President Bush And Judicial Appointments
Here come the judges.
There will be a litmus test for judges in America. The question is whose test?
When Nancy Palosi and Teddy Kennedy say there will be no litmus test for appointment of judges they are saying the president can’t have a defined standard for his appointments. One tactic often applied is to avoid persons noting what you are doing by accusing your opponent of doing what you are doing. In focusing attention on the president having a litmus test they are covering the fact they do have one themselves.
One to watch for is whether a candidate believes in “the Laws of Nature and of Nature’s God.” That phrase is in our Declaration of Independence. When the petitions of Americans for redress of their grievances went unanswered by the king the Continental Congress appealed to “the Laws of Nature and of Nature’s God.”
Thomas Jefferson who wrote that phrase was familiar with Blackstone’s writing on law. Blackstone defined it in this way: “This law of nature being co-eval with mankind and dictated by God himself, is of course superior in obligation to any other.
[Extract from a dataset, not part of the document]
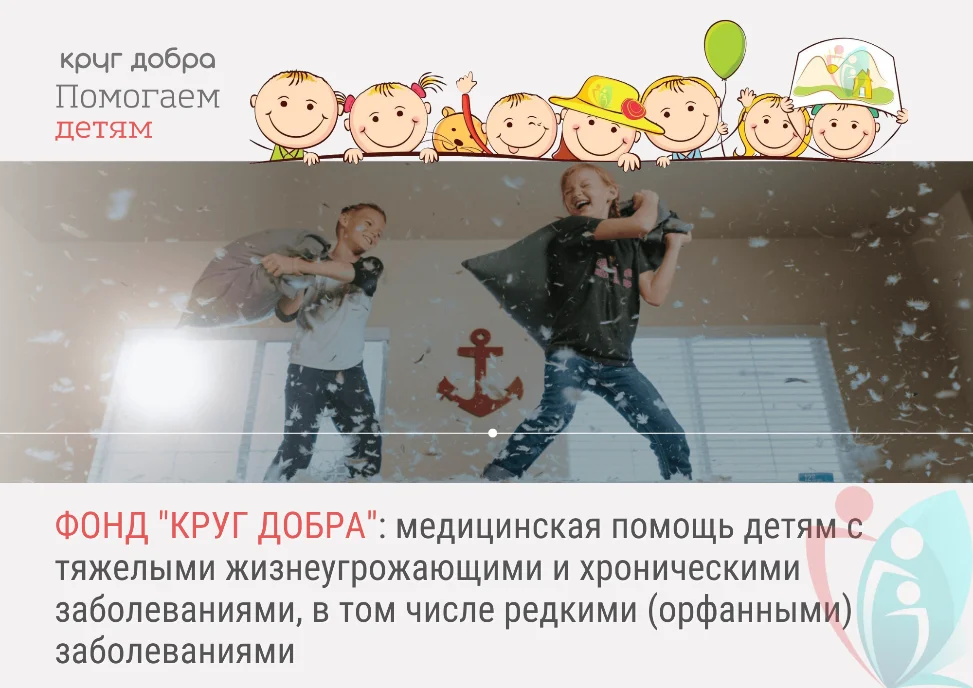 Фонд "Круг Добра": медицинская помощь детям с тяжелыми жизнеугрожающими и хроническими заболеваниями, в том числе редкими (орфанными) заболеваниями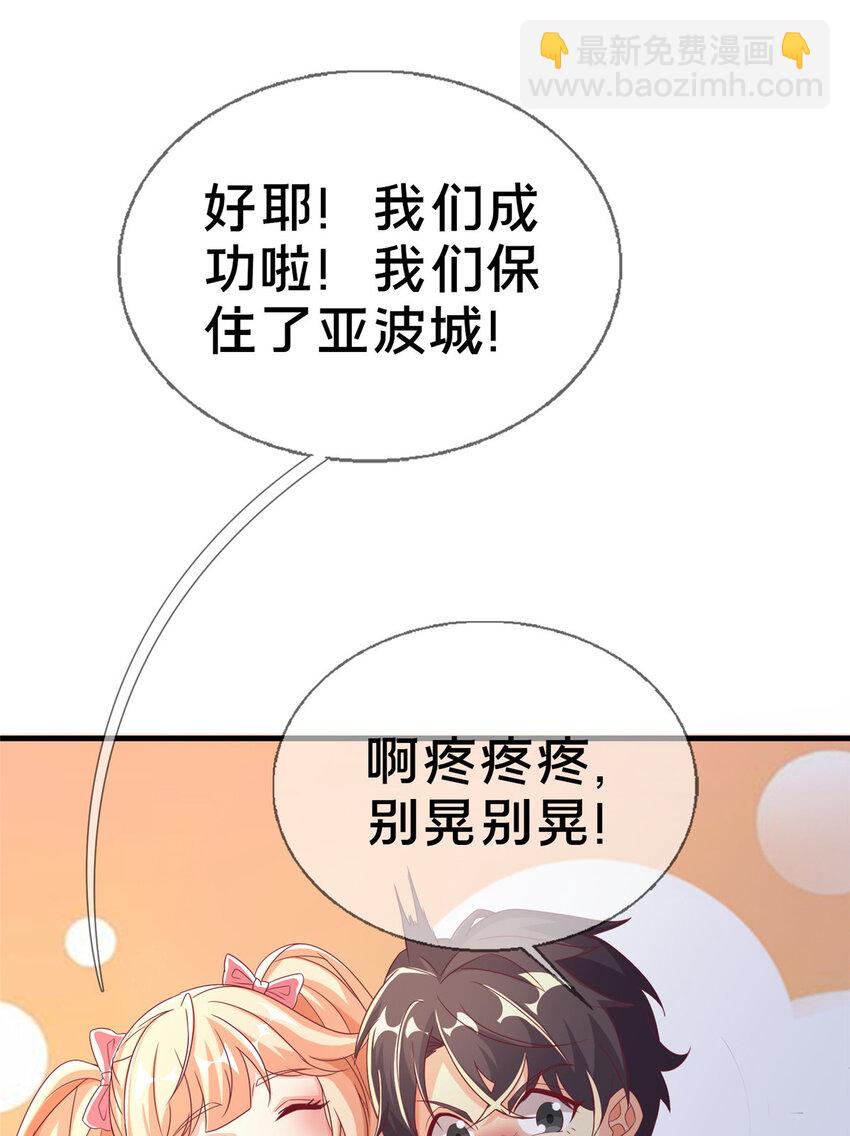 56 真空状态(1/2)-第56话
It is binding over all the globe, and all countries, and at all times; no human laws are of any validity if contrary to this; and such of them as are valid derive all their force, and all their authority, mediately or immediately from this original.”
Jefferson was a Deist who believed a deity set the universe in motion and gave their “nature” to everything. To insure this was not the limit intended by the phrase members of the congress concluded the document with a more orthodox Christian reference: “the protection of Divine Providence.”
Current proponents of the concept of “the Laws of Nature and Nature’s God” are generally inclined toward Constitutional law and interpret law in light of it rather than making contemporary laws that often conflict with the intent of the Constitution.
Watch for that as a catch phrase in and Supreme Court hearing.
The judges to be appointed, like those before them, will dramatically color the conscience of America. One reason Americans elected President Bush was the importance of the appointment of judges. It was known where he stood on the issue and in supporting him they were endorsing the appointment of such judges. They wanted the type judges President Bush would appoint not the type Senator Kerry would recommend. For a minority in Congress to keep appointments grid locked would be to frustrate the will of the people.
Stalwart detractors of the President say he should cooperate with them. Should not they cooperate with him? Who won? Who had a majority of the votes? Who ran saying he would fulfill the promises he made in order to get elected? He said he would appoint justices like Antonin Scalia and Clarence Thomas. Don’t be surprised if he does. That is what he was elected to do.